Now, in their latest iteration, wireless and wired commercial lighting sensors and controls are becoming more closely tied to building management systems. It might not be long before fixture-­mounted equipment is controlling thermostat operations and lighting.

Lighting controls history 101

Physical light switches were first commercialized in the United States in the early 1890s, and that basic on/off technology remained the standard for decades. Dimmer switches didn’t hit the mass market until the 1960s. While rheostat-based controls were marketed earlier, these were bulky and inefficient. It took solid state electronics to make the devices popular with a broad audience.

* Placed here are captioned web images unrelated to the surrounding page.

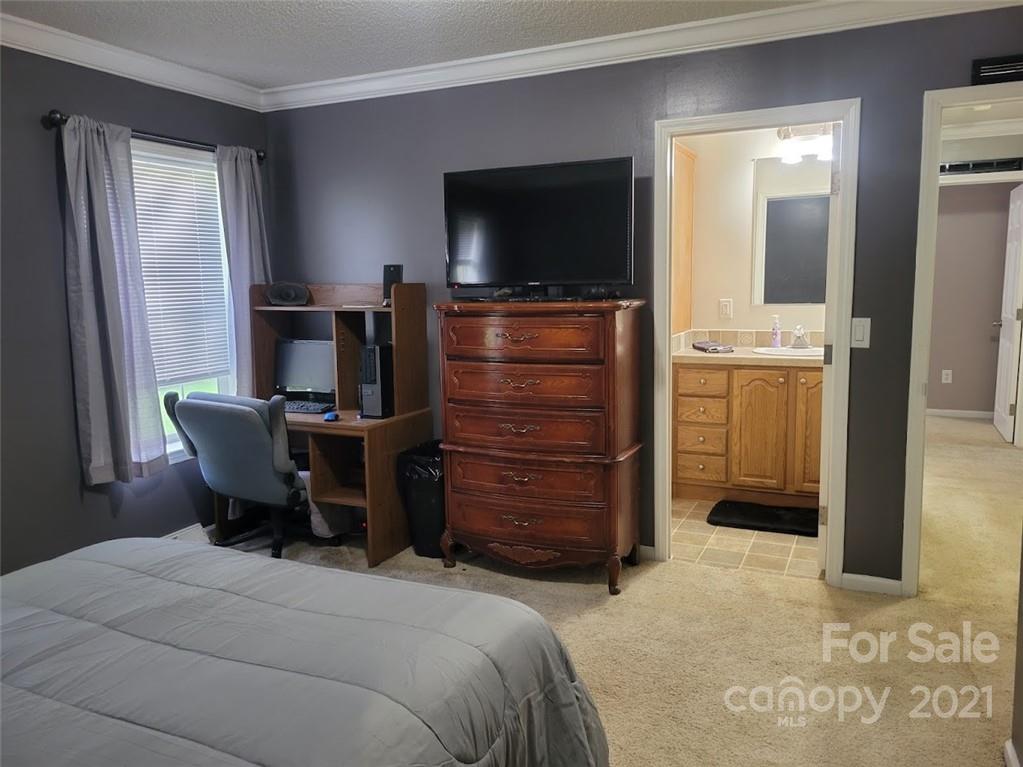 212 Hatchway Road, Unit A & B Indian Land, SC 29707 - Photo 12 of 27 a bedroom with a bed and furniture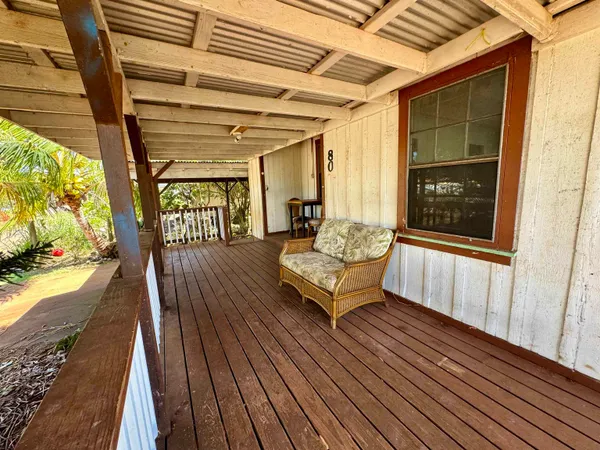 a balcony with furniture and a potted plant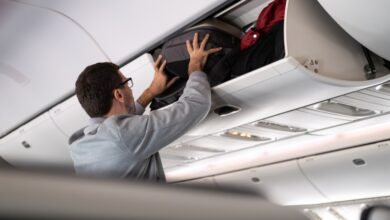 Person placing bag in overhead compartment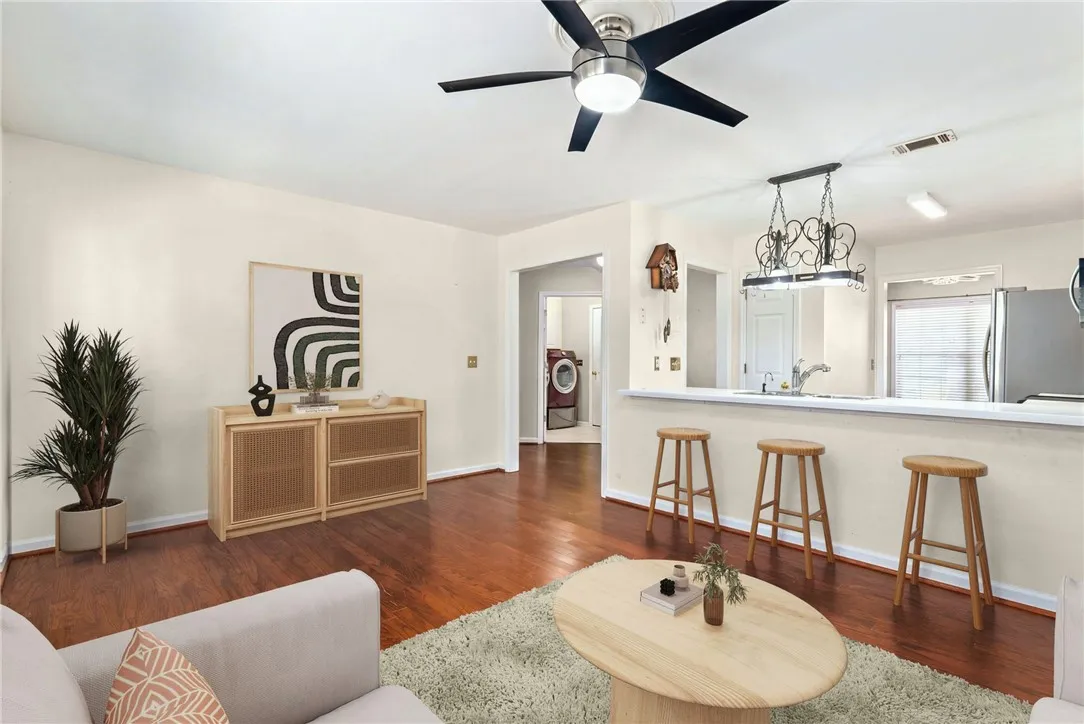 Rich hardwood flooring extends through this inviting living area, seamlessly connecting to a breakfast bar.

Applications for these dimmers were limited to incandescent and halogen lamps, as they weren’t compatible with the ballast-based designs of fluorescent lighting systems. As a result, commercial office spaces were stuck with traditional on/off controls until electronic dimmable ballasts were commercialized in the early 1990s. Later that same decade, occupancy sensors began appearing in commercial spaces, and, by 2007, ASHRAE’s energy code had begun mandating automatic shutoff controls, with occupancy sensors as an option.

The proliferation of LED lamps and fixtures in the early 2010s helped drive sensor and control adoption even faster because these light sources don’t need ballasts, and their native digital technology makes output much more adjustable.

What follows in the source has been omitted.